A naive prompt like “Write a Python web scraper” produces mediocre results. A well-crafted prompt that specifies the library to use, provides an example of the desired output format, and includes constraints (“handle pagination, use rate limiting, log errors to stderr”) produces dramatically better code. The difference between a good prompt and a bad one can be the difference between a useful tool and a party trick.
I’ve started maintaining a library of effective prompts — templates for different tasks that I can adapt. This feels like the early days of SQL or regex: a skill that starts as arcane knowledge and gradually becomes a standard part of the developer toolkit.

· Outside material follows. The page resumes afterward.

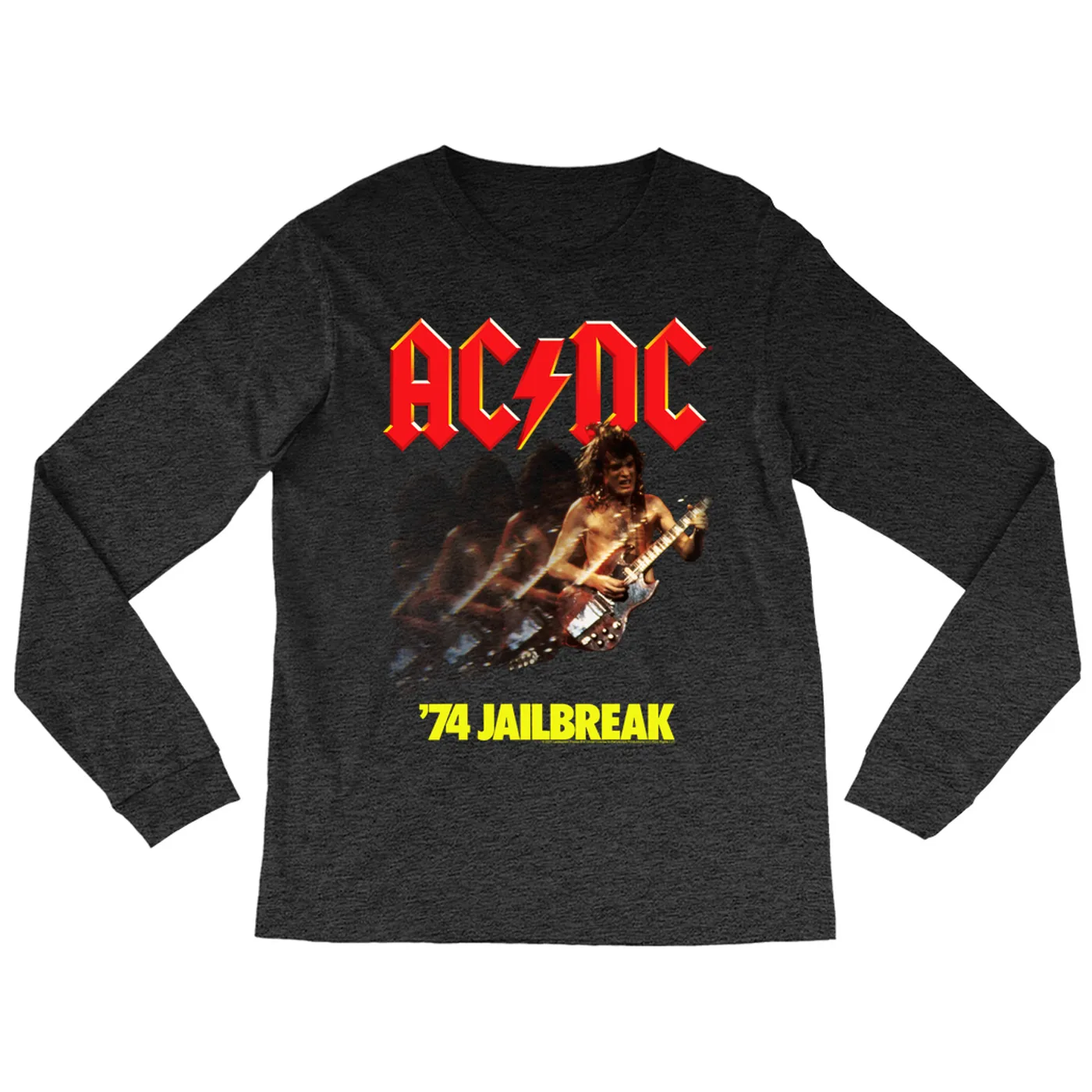 AC/DC Heather Long Sleeve Shirt | JailBreak '74 Album Art ACDC Shirt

Implications for Software Development#
I don’t think GPT-3 is going to replace developers. But I do think it’s going to change how we work. Here are the near-term applications I’m most excited about:
Code scaffolding: generating boilerplate code, tests, and documentation from high-level descriptions. Not replacing the thinking, but eliminating the typing.
Internal tools: building natural language interfaces for databases and APIs that non-technical team members can use without learning SQL or API syntax.
Data transformation: converting between formats, generating sample data, and building migration scripts from examples rather than specifications.
Learning aid: explaining unfamiliar code, suggesting improvements, and answering “how do I do X in language Y” questions with working examples.
My Take#
GPT-3 is the most impressive language model I’ve worked with, and it’s not close. The jump from GPT-2 to GPT-3 is qualitatively different — it’s not just better at the same tasks, it can do tasks that GPT-2 simply couldn’t.
But the hype is outrunning the reality. The Twitter demos showing GPT-3 building entire applications from a one-sentence description are cherry-picked best cases, and they omit the many failed attempts that preceded the screenshot-worthy success. In practice, GPT-3 is a powerful but unreliable tool that requires careful prompt design, output validation, and realistic expectations.
The API pricing also signals that this is a premium tool, not a utility. For high-value use cases where the cost per query is justified — code generation in an IDE, natural language database queries for business users, content summarization — GPT-3 can deliver real value today. For high-volume, low-margin applications, the economics don’t yet work.
I’m going to keep experimenting. There’s something genuinely exciting about a tool that can understand and generate code and natural language with this level of fluency. But I’m keeping my expectations grounded in what I’ve actually tested, not what the demos promise.